There seems to be a slight dissonance in US equity markets with positive price action and a possible pro-growth agenda by President-elect Trump. If his policies do turn out to be fiscally stimulative, it’s going to hurt equities, big league.
Pro-growth = deficit spending. Deficit spending is going to achieve two things: higher inflation and ballooning federal debt. Each of these two alone would bring about higher interest rates, in combination they’re certain to do so. So, higher interest rates. We’re already seeing this in treasury yields spiking, especially long term treasury yields.

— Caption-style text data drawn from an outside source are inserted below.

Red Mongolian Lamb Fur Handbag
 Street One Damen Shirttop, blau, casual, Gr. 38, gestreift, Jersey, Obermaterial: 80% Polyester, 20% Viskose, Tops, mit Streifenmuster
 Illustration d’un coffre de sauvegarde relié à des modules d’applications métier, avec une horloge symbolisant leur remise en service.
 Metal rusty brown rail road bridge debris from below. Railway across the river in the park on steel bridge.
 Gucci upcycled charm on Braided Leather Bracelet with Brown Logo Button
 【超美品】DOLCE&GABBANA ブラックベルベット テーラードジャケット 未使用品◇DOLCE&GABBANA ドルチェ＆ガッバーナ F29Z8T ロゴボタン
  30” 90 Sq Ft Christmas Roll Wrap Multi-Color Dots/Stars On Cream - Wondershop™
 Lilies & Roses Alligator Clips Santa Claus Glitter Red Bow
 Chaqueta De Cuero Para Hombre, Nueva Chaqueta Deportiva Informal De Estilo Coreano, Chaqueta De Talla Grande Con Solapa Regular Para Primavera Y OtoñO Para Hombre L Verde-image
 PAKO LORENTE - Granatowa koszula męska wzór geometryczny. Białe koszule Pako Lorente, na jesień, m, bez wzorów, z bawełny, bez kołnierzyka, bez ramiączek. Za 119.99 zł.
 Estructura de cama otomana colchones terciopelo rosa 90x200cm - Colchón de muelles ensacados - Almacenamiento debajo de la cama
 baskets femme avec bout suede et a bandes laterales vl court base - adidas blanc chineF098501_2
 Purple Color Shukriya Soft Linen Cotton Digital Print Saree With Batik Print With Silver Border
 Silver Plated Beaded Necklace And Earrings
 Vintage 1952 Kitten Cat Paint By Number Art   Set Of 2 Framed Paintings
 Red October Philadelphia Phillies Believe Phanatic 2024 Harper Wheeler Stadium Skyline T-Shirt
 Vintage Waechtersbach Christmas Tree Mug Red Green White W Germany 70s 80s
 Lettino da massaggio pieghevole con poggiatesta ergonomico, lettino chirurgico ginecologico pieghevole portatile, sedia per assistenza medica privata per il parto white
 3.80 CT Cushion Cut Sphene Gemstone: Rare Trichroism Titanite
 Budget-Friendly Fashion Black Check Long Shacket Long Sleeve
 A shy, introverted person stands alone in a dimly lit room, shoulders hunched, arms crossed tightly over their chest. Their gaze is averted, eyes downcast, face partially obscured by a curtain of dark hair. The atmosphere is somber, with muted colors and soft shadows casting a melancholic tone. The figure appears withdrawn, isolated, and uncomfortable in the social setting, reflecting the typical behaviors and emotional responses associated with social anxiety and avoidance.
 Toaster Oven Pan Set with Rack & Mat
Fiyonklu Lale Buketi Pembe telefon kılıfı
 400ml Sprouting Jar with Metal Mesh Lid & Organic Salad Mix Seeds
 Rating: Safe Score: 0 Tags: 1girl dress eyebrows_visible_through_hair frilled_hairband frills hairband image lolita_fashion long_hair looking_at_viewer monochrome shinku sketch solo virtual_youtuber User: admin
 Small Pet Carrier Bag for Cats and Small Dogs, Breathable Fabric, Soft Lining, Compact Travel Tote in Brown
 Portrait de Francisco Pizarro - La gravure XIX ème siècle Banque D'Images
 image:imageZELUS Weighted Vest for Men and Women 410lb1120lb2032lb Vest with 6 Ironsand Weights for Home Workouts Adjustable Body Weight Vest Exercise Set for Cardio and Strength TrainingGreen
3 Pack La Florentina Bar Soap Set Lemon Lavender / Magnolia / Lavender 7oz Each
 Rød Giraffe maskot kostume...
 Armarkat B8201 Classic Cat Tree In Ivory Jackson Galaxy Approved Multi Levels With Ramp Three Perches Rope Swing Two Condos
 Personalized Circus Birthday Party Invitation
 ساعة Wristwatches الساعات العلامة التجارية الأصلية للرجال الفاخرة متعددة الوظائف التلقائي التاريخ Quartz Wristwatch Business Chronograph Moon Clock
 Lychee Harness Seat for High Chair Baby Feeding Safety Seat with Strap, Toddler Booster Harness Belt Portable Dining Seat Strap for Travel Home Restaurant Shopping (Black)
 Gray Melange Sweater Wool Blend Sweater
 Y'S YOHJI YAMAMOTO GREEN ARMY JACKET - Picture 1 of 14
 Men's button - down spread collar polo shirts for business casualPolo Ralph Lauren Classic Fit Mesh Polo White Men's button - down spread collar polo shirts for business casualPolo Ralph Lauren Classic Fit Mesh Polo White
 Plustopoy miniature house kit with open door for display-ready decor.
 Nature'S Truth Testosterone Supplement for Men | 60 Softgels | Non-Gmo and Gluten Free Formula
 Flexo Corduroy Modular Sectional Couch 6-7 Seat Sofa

Higher interest rates will bring about carnage in bond prices, and that is no small thing, considering how long we have been at artificially deflated yields and how much has been issued and bought at these yields. But more importantly, higher interest rates will strengthen the dollar (killing US companies’ profit growth prospects) and necessitate a repricing of equities, because in relative terms, equity prices are WAY too expensive, if interest rates start to normalize. Especially, if dollar strength compounds this problem. Again, there are already signs of this with all “safe” yield equities moving down (REIT’s, telcos, consumer staples) So there’s a decent repricing of assets afoot. Maybe permanent-looking ZIRP isn’t such a bad thing, compared to this increasingly probable zcenario. Meager real returns beat galloping inflation and normal interest rates that an indebted world can’t really manage.
Started a small (~0,5% of NAV) SPY september 2017 put position, near the money.